Task to complete: Please retype the listing below word for word and exclude its images.
═══ Input for this task
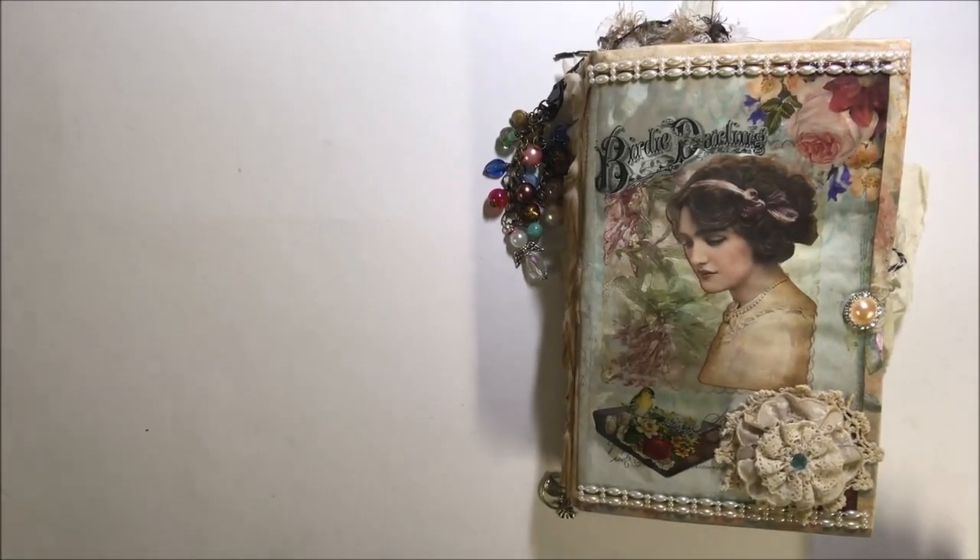Hi everybody, it's Debbie. I'm here with another design team project for Artsology.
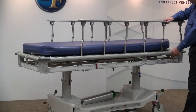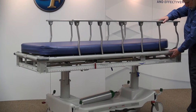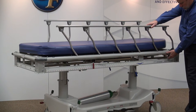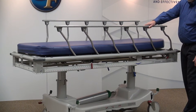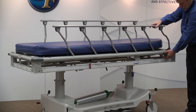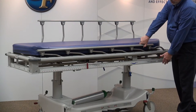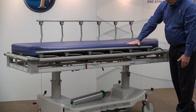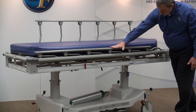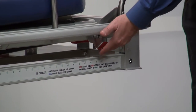The X-Ray Trauma Stretcher features the Hosted Retracto Rails. These rails have three positions including full up for maximum patient security, mid position for allowing patient access and security, and fully lowered for patient transfers. The rail cap design also eliminates any gaps during patient transfers. The positioning of the rails can be adjusted by pressing on the red rail release lever.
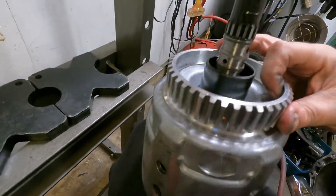Hey there, welcome to Riff Hard Garage. Today I want to show you how to assemble a Sonic Smart Tech input drum for a 4L60E transmission. If you order just the drum itself, you're going to have to press the input shaft out of your old drum and press it into the new one. There's a little bit of a procedure involved, so that's what we're doing today.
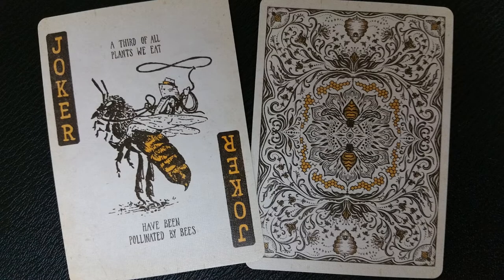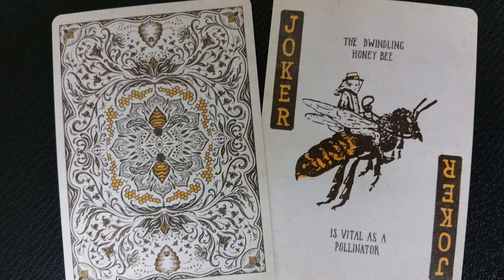Did you know that a third of the plants you eat have been pollinated by bees? That's true, and that's what this joker tells you. Did you know that the dwindling honeybee is vital as a pollinator? That's also true, and that is what the second joker tells you.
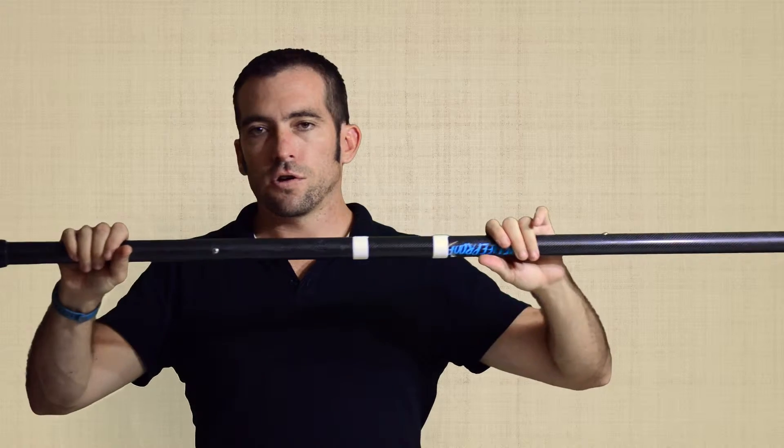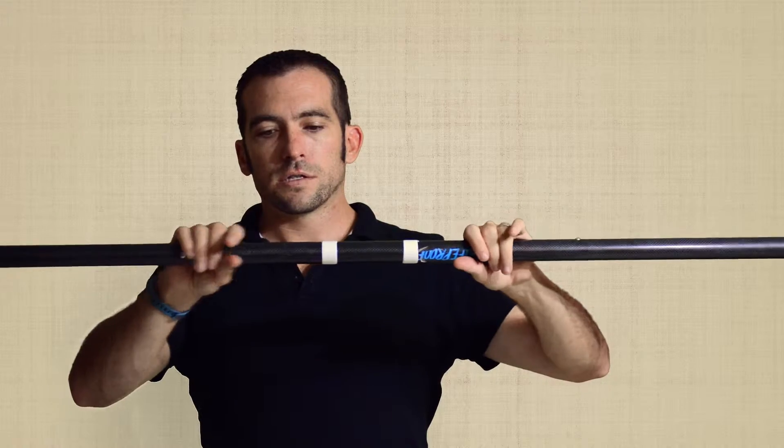Starting at the top, this is the SUP paddle handle — the handle is where the top hand grips the SUP paddle. Then we've got the shaft, which goes into the part we call the throat.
══════
Solution to this exercise:
Hi everybody, it's Debbie. I'm here with another design team project for Artsology.
The X-Ray Trauma Stretcher features the Hosted Retracto Rails. These rails have three positions including full up for maximum patient security, mid position for allowing patient access and security, and fully lowered for patient transfers. The rail cap design also eliminates any gaps during patient transfers. The positioning of the rails can be adjusted by pressing on the red rail release lever.
Hey there, welcome to Riff Hard Garage. Today I want to show you how to assemble a Sonic Smart Tech input drum for a 4L60E transmission. If you order just the drum itself, you're going to have to press the input shaft out of your old drum and press it into the new one. There's a little bit of a procedure involved, so that's what we're doing today.
Did you know that a third of the plants you eat have been pollinated by bees? That's true, and that's what this joker tells you. Did you know that the dwindling honeybee is vital as a pollinator? That's also true, and that is what the second joker tells you.
Starting at the top, this is the SUP paddle handle — the handle is where the top hand grips the SUP paddle. Then we've got the shaft, which goes into the part we call the throat.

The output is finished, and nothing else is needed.